Return an exact copy of the data, starting at its first line and ending at the line that contains "Produktbild: Unterwasserkamera Angeln", minus any pictures.
-- Data block follows --
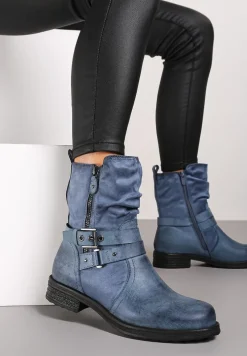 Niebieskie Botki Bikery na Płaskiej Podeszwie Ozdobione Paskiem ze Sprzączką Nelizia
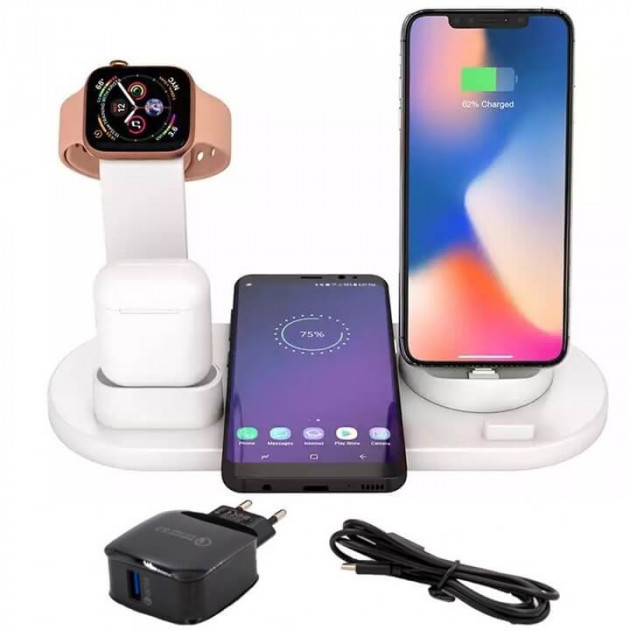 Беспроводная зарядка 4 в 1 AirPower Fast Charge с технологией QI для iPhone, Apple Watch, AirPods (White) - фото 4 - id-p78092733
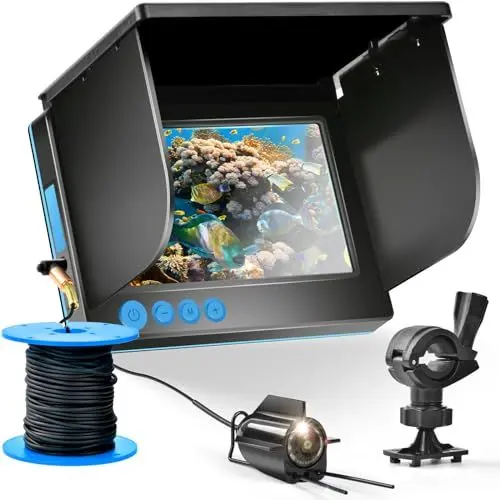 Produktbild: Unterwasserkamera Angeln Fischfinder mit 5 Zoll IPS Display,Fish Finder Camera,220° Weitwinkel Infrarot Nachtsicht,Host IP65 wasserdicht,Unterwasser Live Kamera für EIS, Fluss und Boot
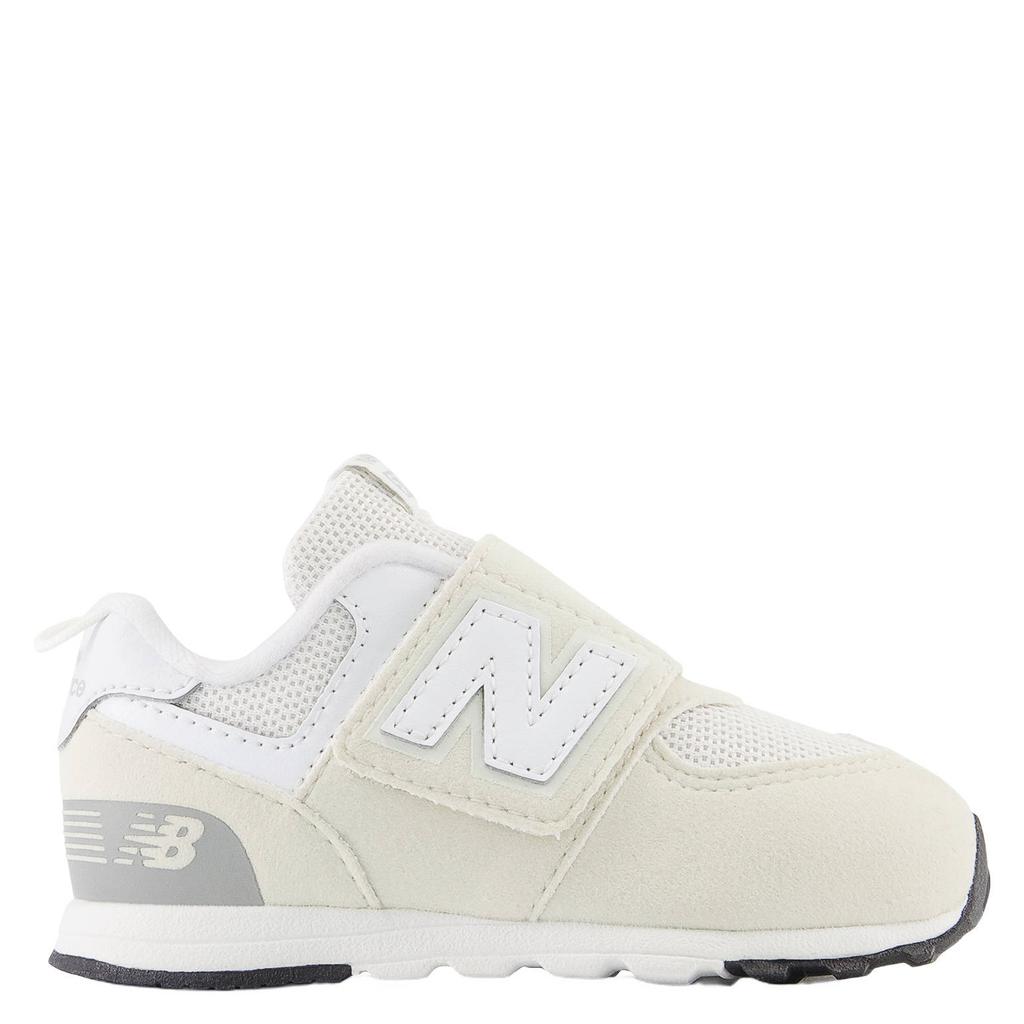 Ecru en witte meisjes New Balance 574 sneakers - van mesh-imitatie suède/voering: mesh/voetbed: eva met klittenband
-- Data block concluded --
Solution to the problem:
 Niebieskie Botki Bikery na Płaskiej Podeszwie Ozdobione Paskiem ze Sprzączką Nelizia
 Беспроводная зарядка 4 в 1 AirPower Fast Charge с технологией QI для iPhone, Apple Watch, AirPods (White) - фото 4 - id-p78092733
 Produktbild: Unterwasserkamera Angeln Fischfinder mit 5 Zoll IPS Display,Fish Finder Camera,220° Weitwinkel Infrarot Nachtsicht,Host IP65 wasserdicht,Unterwasser Live Kamera für EIS, Fluss und Boot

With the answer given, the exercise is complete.